Action item:
Search the entries below for "Purple" and copy each matching line.

### Data extracts ###

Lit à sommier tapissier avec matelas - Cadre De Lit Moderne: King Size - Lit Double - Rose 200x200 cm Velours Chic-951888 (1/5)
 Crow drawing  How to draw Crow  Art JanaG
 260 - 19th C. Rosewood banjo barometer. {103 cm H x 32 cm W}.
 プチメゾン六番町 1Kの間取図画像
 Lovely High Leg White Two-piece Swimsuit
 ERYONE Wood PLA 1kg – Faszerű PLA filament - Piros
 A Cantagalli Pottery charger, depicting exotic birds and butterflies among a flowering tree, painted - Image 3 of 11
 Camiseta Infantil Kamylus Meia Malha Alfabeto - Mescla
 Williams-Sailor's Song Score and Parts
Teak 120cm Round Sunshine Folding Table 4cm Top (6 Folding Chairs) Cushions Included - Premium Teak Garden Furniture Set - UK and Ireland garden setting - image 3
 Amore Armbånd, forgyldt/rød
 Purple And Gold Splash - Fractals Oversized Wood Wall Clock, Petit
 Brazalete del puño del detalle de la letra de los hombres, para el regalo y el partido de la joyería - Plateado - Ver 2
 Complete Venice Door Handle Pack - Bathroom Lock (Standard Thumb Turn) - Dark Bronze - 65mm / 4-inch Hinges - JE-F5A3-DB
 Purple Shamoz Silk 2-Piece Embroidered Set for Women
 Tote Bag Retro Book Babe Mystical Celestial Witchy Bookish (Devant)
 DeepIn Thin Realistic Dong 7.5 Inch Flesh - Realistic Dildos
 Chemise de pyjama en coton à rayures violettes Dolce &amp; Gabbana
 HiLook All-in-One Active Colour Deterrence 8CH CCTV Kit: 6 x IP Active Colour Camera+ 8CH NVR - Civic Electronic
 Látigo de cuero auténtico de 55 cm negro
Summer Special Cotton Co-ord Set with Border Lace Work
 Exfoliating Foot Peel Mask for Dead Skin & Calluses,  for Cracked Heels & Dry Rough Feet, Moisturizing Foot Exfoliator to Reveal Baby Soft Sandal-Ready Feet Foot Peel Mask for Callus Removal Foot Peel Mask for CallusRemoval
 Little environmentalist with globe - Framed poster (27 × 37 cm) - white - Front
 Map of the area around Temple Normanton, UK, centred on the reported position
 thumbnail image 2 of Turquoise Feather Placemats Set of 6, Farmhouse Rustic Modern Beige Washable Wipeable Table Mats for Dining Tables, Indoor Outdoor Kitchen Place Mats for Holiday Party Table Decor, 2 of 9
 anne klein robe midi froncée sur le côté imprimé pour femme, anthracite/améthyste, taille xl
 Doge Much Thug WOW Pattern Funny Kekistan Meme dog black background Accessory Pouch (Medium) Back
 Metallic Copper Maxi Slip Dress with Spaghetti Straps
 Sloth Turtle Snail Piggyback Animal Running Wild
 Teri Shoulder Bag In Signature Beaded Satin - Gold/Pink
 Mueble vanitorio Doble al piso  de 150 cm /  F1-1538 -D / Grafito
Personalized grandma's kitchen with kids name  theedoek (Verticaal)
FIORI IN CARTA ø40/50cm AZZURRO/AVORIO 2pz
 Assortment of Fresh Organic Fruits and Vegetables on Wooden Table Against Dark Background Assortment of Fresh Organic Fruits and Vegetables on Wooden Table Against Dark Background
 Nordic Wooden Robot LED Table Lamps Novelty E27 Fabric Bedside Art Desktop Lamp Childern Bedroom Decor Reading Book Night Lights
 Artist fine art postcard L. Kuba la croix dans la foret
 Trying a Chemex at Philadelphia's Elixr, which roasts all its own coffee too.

###

Result for this exercise:
 Purple And Gold Splash - Fractals Oversized Wood Wall Clock, Petit
 Purple Shamoz Silk 2-Piece Embroidered Set for Women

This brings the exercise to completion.